Yesterday we went down on the train to see her two best friends, retired expatriate French teachers all. We had a wonderful lunch, and as they sat down to do the NYTimes Crossword puzzle, I borrowed the car and spent a hour with my childhood friend Claudia, who was back visiting her parents in a nearby town. We had a delightful time and when I got back, I cracked the last of the unsolved clues in the puzzle.
This morning I helped her sort through mail. One of the hallmarks of my mother's condition (I still can't get myself to say "Alzheimer's" ) is a reduced capacity to analyze. You know how you sort through crap in the mail and in a split second know what's junk, what's important and what's in between? My mother tends to take every piece of paper seriously, always afraid she will throw out something urgent. A previously routine task has become fraught with implication.
Something very interesting just happened as I typed this. Another resident, the type I thought my mother would be like--energetic and funny and extroverted--just walked in and asked me to remove a tick from her ear with tweezers. Of course I complied. We then had a lovely conversation. I'm going to see if I can make her my Mom's new best friend.
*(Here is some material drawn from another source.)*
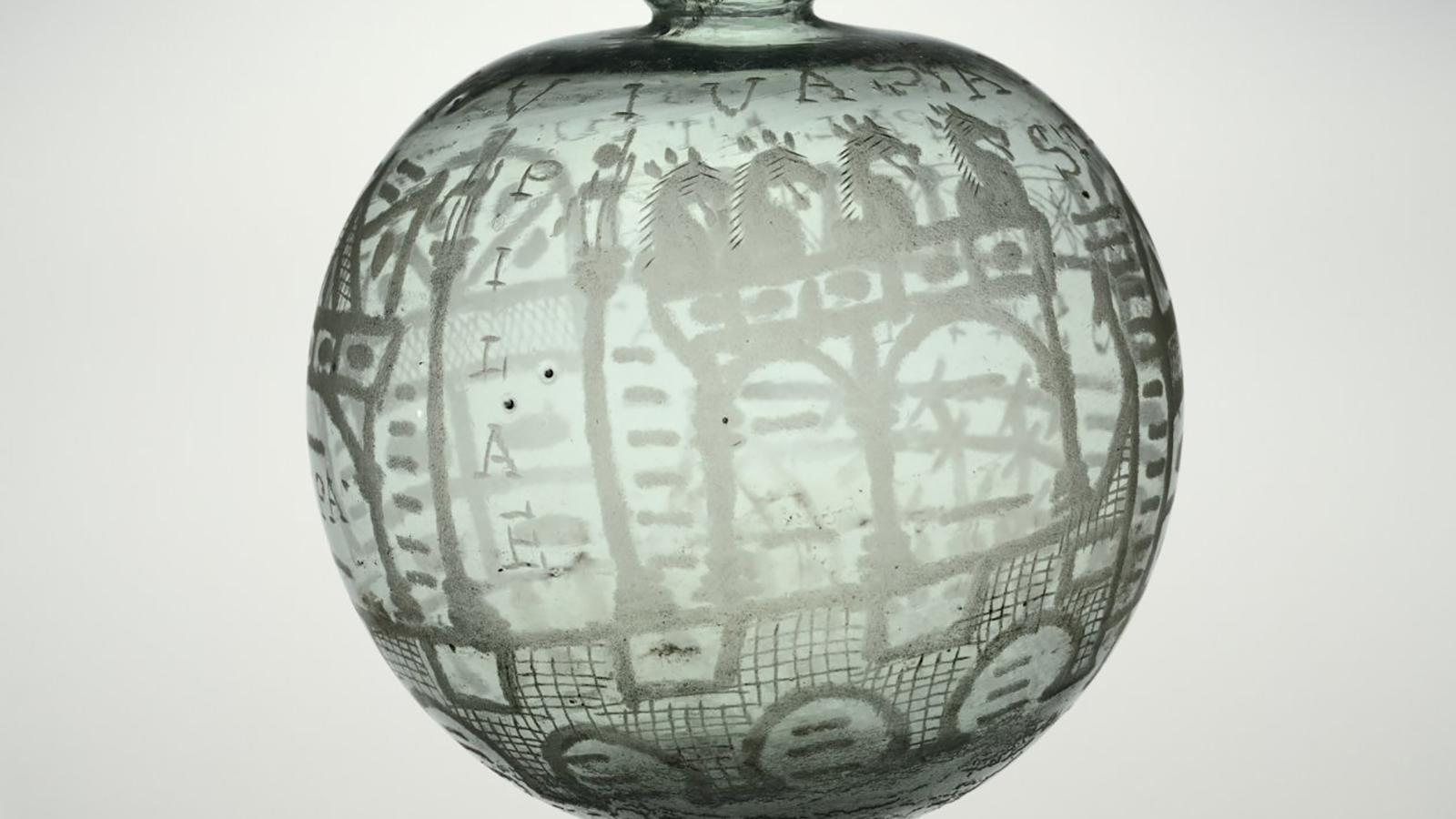Shoptalk - Maggie L. Popkin Color photograph of a very pale green ancient glass vessel painted with architectural elements, horses, and geometric patterns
A very busy 48 hours head. Probably won't see you until Wednesday.
MCO 2008

You know how people say to other people, "I know that I don't fully understand your pain, but I totally sympathize with how difficult this must be for you?" Well, I don't have to say it here because I totally get it. There is something childlike in my mother's dependence on me and yet she is fiercely stubborn and will occassionally anounce, like a petulant 2-year-old, "Let me do it myself!" My mother and I went through her mail during my visit on Saturday and she was as you describe with your mother, afraid that every scrap of paper held some important information that she had missed.
Enjoy your time with Garris. Relax and bask in the joy of being with someone who is totally into you.